Меня, влюбленного в «даму», гнозис Петровского задевает; я досадую; так Розанов, Вл. Соловьев, Мережковский становятся в нас предметами, которые мы ощупываем, как в полутьме; но без ощупи которых нам обойтись трудно.
Лермонтов — арена борьбы: в него вцепилась романтика Вл. Соловьева;63 в него, как клещ, впился Розанов: Лермонтов в двойном понимании сам двойной, — образ ножниц, разрезающих души.
Разговоры о ножницах сознания (в связи с Лермонтовым, Мережковским, Розановым, Ницше, Вл. Соловьевым) — беседы мои с Петровским в мае 1902 года, как не похожи они на разговоры с ним в 1899 году (материализм, химия, студенческий журнал, профессор Зограф)! За два года нас выхлестнуло из быта науки.
Вдруг кто-нибудь из нас предлагает:
— «Идем к Владимировым!»
И мы пересекаем пахнущие сиренями переулки: Денежный, Глазовский; вот — угловой дом с колоннами, принадлежащий Морозову;64 рядом — глядящие на Смоленский бульвар ворота дома, куда проходим; в глубине двора, из первого этажа яркий свет, откуда — пение, всплески рояля, взгрох хохота: бородатого Малафеева и Владимирова; там — мое общество: математик Янчин, милые сестры, умная гостеприимная мать (тоже «молодежь»), два Челищева: носатый, черный, басище, от которого разрываются стены; и Александр Сергеевич, математик, композитор, болтун, шармер, шалун, умник.65
Челищев — некогда ученик отца; мне расточает он комплименты, восхищается лекциями отца.
В веселой квартире предмет острых разговоров с Петровским превращается в легкие щелки слов: шутка Челищева, гогот Владимирова, колокольчики голосочка его сестры; звук романса: «Как сладко с тобою мне быть»66.
Весной 1902 года каждый вечер бежал к Владимировым; заходы длились года; в 1902 к В. В. — тянуло особенно: наш выход в свет — совпал в днях; в начале апреля вышла моя «Симфония», в начале апреля открылась выставка «Московских художников», организованная Мешковым, учителем Владимирова; на выставке оказались две картины его67; в первый же день они были проданы; успех его молодил; оба полные сил, мы с В. В. были гармоничною парой; В. В. — уютный, добрый, сложный в переживаниях, простой в жизни; посиды с ним — отдых: не разговор, — переброс шуток; не сидение, — привал на диване, на подоконнике; думалось вслух; он, перепачканный красками, внимая мне, пересыпал слова шаржем каламбура, после которого мы, схватясь за бока, заливались хохотом; и тут же кисть его бросала в альбом свои пятна; я с удивлением разглядывал, как броски слагали сюжетные авантюры; зовут к чаю; разговор — не окончен, а эскиз вылез из пятен: леший, боярин или Заратустра (талантливая импровизация к Ницше), просто закатная лужа, играющая отсверками; альбом этюдов вызвал восторг. Кончит, моет руки, перепачканные краскою, поворачивая румяное, бородатое, доброе лицо.

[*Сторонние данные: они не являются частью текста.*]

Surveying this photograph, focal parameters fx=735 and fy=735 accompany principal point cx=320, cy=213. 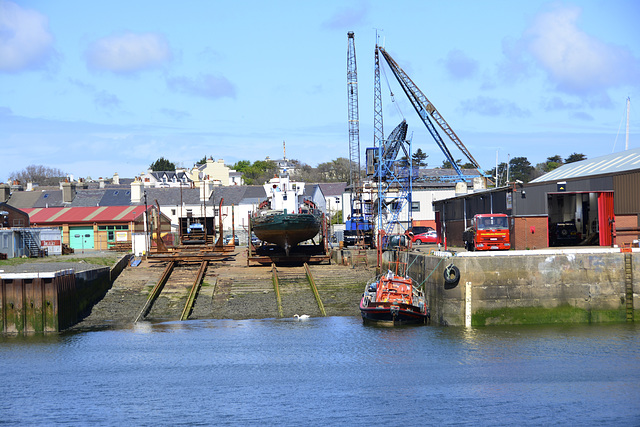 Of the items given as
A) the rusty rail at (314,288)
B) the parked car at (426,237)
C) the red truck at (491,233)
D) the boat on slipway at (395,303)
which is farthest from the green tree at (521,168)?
the boat on slipway at (395,303)

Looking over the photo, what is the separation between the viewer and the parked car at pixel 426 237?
198 feet

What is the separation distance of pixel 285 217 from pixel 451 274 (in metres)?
16.8

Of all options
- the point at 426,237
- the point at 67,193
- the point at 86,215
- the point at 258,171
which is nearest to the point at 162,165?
the point at 258,171

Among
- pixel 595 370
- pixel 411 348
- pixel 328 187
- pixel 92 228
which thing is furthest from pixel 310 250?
pixel 328 187

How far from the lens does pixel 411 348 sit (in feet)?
96.3

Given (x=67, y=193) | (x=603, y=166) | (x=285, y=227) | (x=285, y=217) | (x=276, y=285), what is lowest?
(x=276, y=285)

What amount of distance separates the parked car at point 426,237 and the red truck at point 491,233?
2263 centimetres

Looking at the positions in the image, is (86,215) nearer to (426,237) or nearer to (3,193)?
(3,193)

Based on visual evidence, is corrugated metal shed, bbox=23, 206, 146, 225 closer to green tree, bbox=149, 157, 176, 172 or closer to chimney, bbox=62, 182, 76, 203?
chimney, bbox=62, 182, 76, 203

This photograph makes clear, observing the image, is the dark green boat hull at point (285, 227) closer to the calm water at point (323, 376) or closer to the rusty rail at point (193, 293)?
the rusty rail at point (193, 293)

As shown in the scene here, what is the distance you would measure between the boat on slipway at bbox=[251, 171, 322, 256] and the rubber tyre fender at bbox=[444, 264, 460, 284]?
16.6m

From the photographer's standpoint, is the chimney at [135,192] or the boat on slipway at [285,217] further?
the chimney at [135,192]

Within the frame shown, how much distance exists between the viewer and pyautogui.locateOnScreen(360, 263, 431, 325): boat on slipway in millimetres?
33469

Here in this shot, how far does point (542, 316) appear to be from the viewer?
31.7 meters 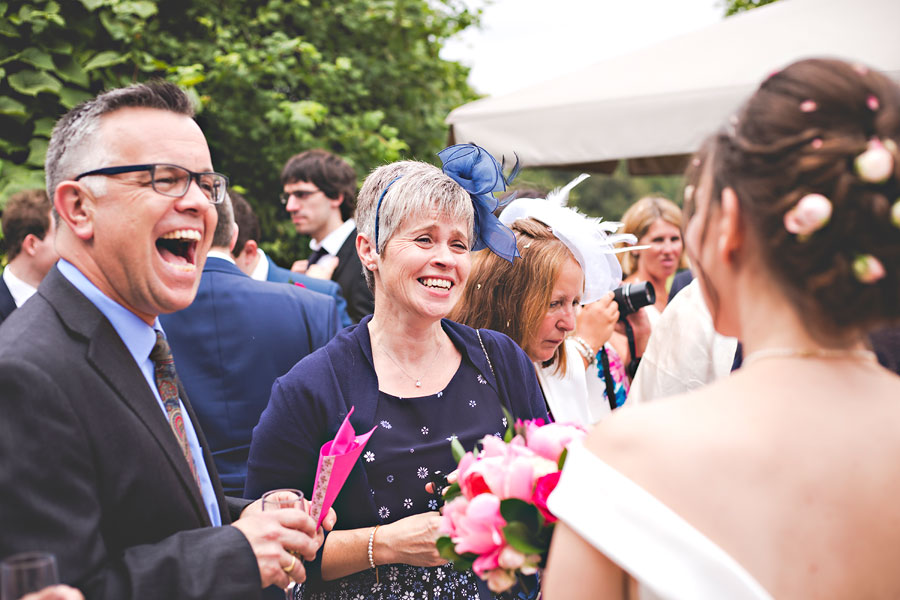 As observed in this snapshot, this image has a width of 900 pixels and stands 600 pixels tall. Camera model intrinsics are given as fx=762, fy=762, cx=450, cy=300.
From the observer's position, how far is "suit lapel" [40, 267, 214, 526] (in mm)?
1586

Квартира Владимировых соединяла молодежь; мои воскресенья временно стали центром идейной платформы «аргонавтов»; они возникли немного позднее: беседы там превращались в рефераты с прениями.
Мои воскресенья — вечера встреч, тактических соглашений, споров; собрания у Владимировых — питающий жизненный сок: чай с музыкой, без «старших».

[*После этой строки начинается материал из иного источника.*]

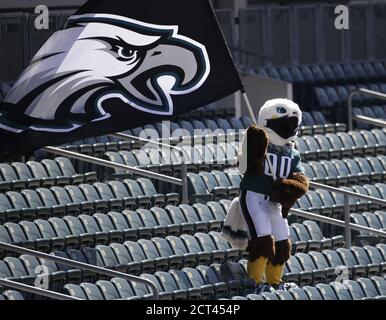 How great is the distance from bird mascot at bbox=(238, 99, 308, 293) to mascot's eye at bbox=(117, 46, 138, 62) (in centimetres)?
119

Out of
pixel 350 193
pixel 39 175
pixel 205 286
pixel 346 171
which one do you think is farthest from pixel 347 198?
pixel 39 175

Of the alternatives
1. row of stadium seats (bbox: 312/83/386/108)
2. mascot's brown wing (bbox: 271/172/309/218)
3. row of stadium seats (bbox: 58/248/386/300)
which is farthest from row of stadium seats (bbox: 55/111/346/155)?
mascot's brown wing (bbox: 271/172/309/218)

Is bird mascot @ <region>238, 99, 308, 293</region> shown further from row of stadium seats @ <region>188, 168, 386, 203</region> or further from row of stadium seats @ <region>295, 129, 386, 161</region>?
row of stadium seats @ <region>295, 129, 386, 161</region>

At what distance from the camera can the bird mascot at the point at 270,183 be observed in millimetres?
14867

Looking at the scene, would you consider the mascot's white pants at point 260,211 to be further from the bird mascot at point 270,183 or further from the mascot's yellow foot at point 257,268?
the mascot's yellow foot at point 257,268

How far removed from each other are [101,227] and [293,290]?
1.98 m

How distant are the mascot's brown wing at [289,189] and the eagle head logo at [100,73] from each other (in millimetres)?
1193

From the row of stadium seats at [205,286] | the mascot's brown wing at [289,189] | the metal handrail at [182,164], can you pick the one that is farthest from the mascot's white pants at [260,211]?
the metal handrail at [182,164]

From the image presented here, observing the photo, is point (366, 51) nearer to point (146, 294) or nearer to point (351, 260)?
point (351, 260)

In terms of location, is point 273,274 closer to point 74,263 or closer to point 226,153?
point 74,263

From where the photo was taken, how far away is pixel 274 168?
590 inches

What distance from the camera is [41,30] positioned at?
68.5 ft

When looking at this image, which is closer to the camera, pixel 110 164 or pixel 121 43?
pixel 121 43

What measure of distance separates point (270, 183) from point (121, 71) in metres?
1.70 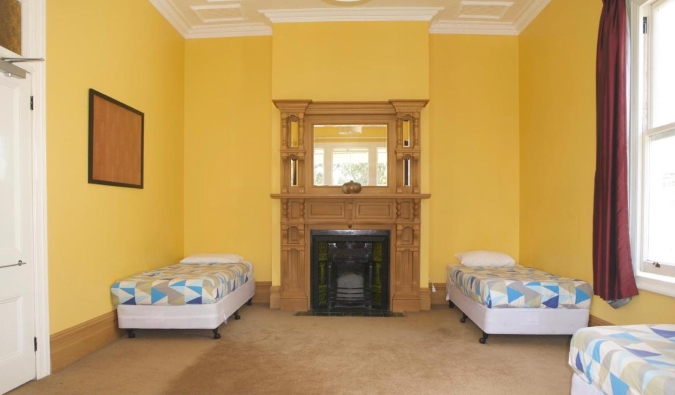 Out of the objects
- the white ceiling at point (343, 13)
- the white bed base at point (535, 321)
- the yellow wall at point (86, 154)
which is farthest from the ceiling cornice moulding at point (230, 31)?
the white bed base at point (535, 321)

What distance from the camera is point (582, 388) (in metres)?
2.31

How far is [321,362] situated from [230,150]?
3219 millimetres

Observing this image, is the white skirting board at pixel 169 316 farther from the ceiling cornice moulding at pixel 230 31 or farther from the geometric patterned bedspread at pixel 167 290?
the ceiling cornice moulding at pixel 230 31

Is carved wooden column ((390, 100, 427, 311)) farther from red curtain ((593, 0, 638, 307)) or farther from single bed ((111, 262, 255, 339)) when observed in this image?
single bed ((111, 262, 255, 339))

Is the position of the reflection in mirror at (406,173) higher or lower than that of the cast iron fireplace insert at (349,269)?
higher

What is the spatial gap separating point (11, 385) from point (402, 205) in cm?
386

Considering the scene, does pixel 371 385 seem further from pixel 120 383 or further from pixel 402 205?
pixel 402 205

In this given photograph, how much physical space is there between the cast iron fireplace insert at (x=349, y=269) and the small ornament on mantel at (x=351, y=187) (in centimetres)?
49

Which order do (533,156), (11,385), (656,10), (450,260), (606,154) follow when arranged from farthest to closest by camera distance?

Умный уют, строгое благодушие вносил В. В.; к нему шли и те, кто нас ругали; кружок «аргонавтов» позднее притягивал самым подбором людей, вопреки их литературному весу притягивал и далеких, критиковавших нас; профессор Шамбинаго, композитор Василенко, пианист Буюкли, кантианец Б. А. Фохт являлись к Владимировым68.
Отношение к посетителям со стороны: «Не любо, не слушай, а врать не мешай»69.
Что-то было у нас, что тянуло к нам посторонних: привлекало редкое сочетание устремлений, увязка интересов.
Тема увязки жила проблемою символизма во мне; и предполагала наличие гибкости, простертости вне себя: к социальному такту.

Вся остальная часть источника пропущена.